(Short descriptive text snippets)
--- START ---

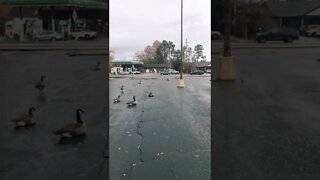 Chilling Geese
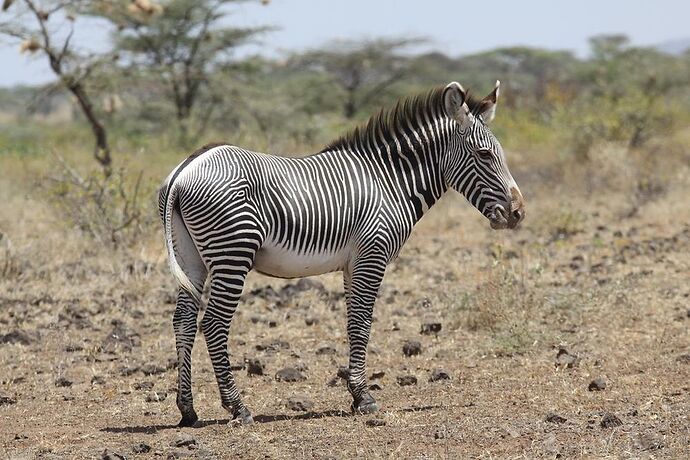 Re: Retour d''expérience : trek au mont Kenya et Réserve Samburu - veroct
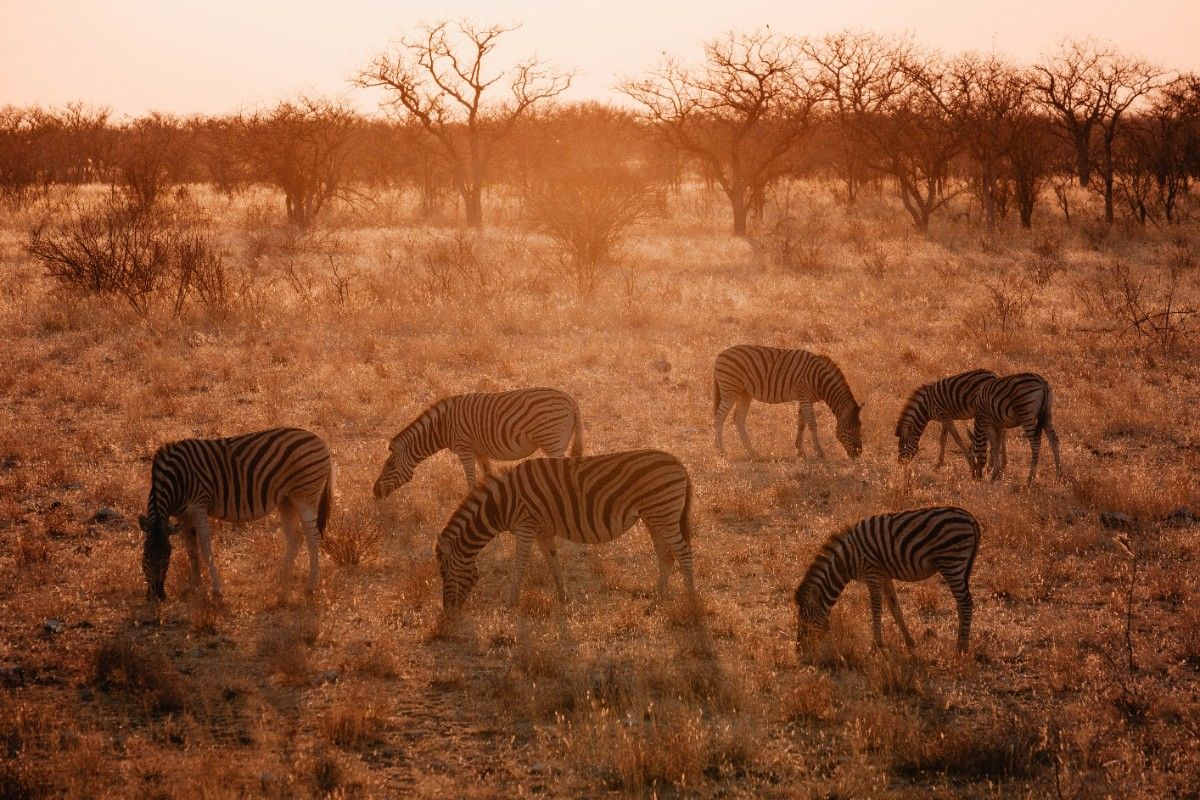 A herd of zebras in Etosha National Park 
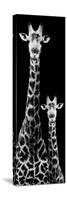 Safari Profile Collection - Giraffe and Baby Black Edition IV-Philippe Hugonnard-Stretched Canvas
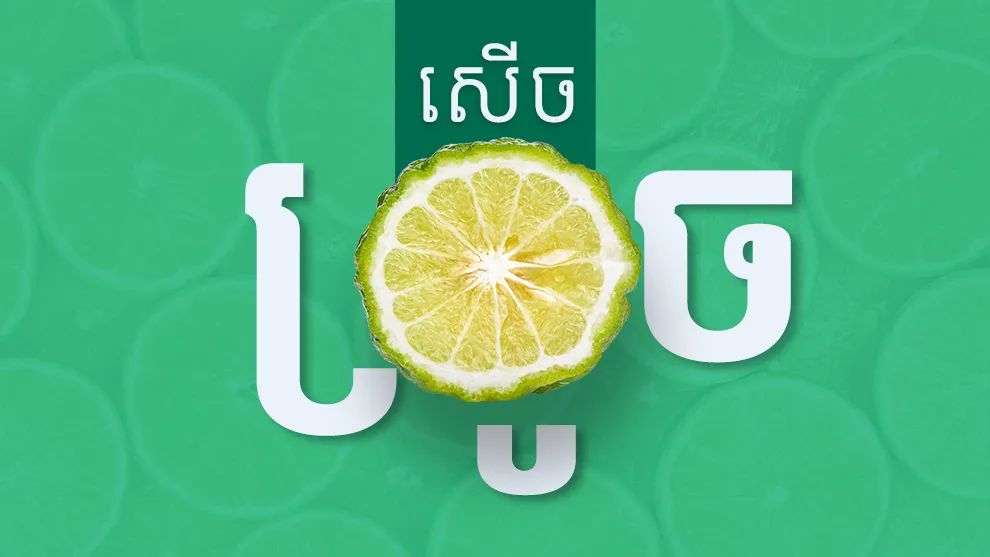 តូចមែនប៉ុន្តែមិននឹកស្មានក្រូចសើចមានអត្ថប្រយោជន៍ល្អស្ទើរពេញមួយតួខ្លួន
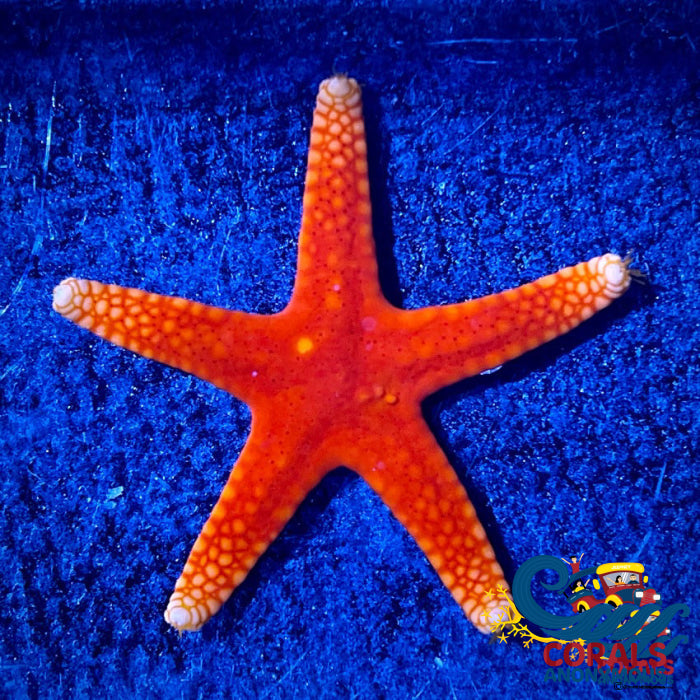 Yellowtip Red Starfish (Fromia pacifica)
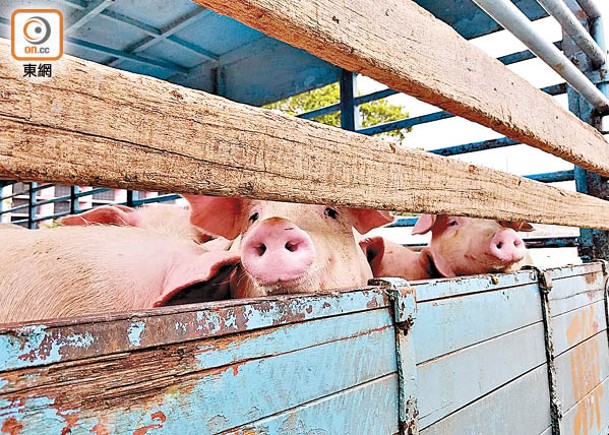 「非洲豬瘟」一旦感染本地豬隻，死亡率可高達100%。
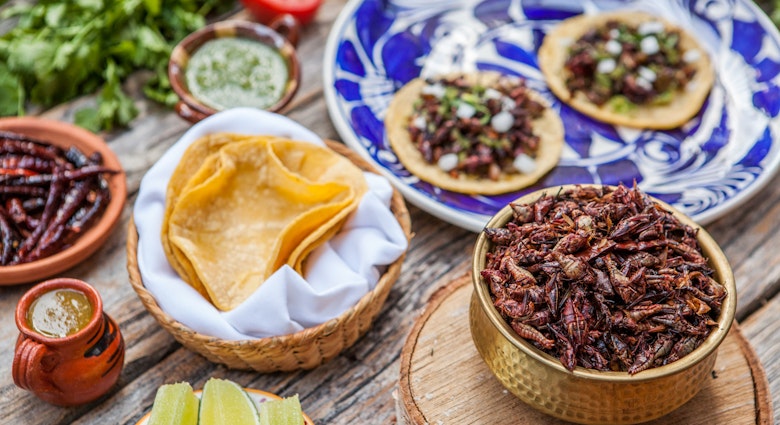 Large Mexican food spread containing corn tortillas, dried chillies, slices of lime, a small ceramic jar of green sauce, a basket full of cooke grasshoppers and two fully assembled tacos on a large blue and white plate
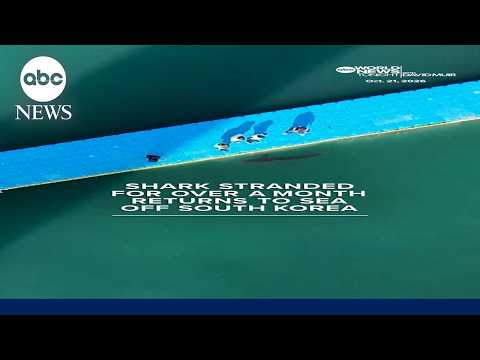 Shark stranded for over a month returns to sea off South Korea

--- END ---

*EXERCISE INSTRUCTIONS*. Please retype, exactly and only, the lines from the one holding "A herd of zebras in Etosha National Park" to the end of the entries, both ends included, without any pictures.

*ANSWER FOR THE TASK*.
 A herd of zebras in Etosha National Park 
 Safari Profile Collection - Giraffe and Baby Black Edition IV-Philippe Hugonnard-Stretched Canvas
 តូចមែនប៉ុន្តែមិននឹកស្មានក្រូចសើចមានអត្ថប្រយោជន៍ល្អស្ទើរពេញមួយតួខ្លួន
 Yellowtip Red Starfish (Fromia pacifica)
 「非洲豬瘟」一旦感染本地豬隻，死亡率可高達100%。
 Large Mexican food spread containing corn tortillas, dried chillies, slices of lime, a small ceramic jar of green sauce, a basket full of cooke grasshoppers and two fully assembled tacos on a large blue and white plate
 Shark stranded for over a month returns to sea off South Korea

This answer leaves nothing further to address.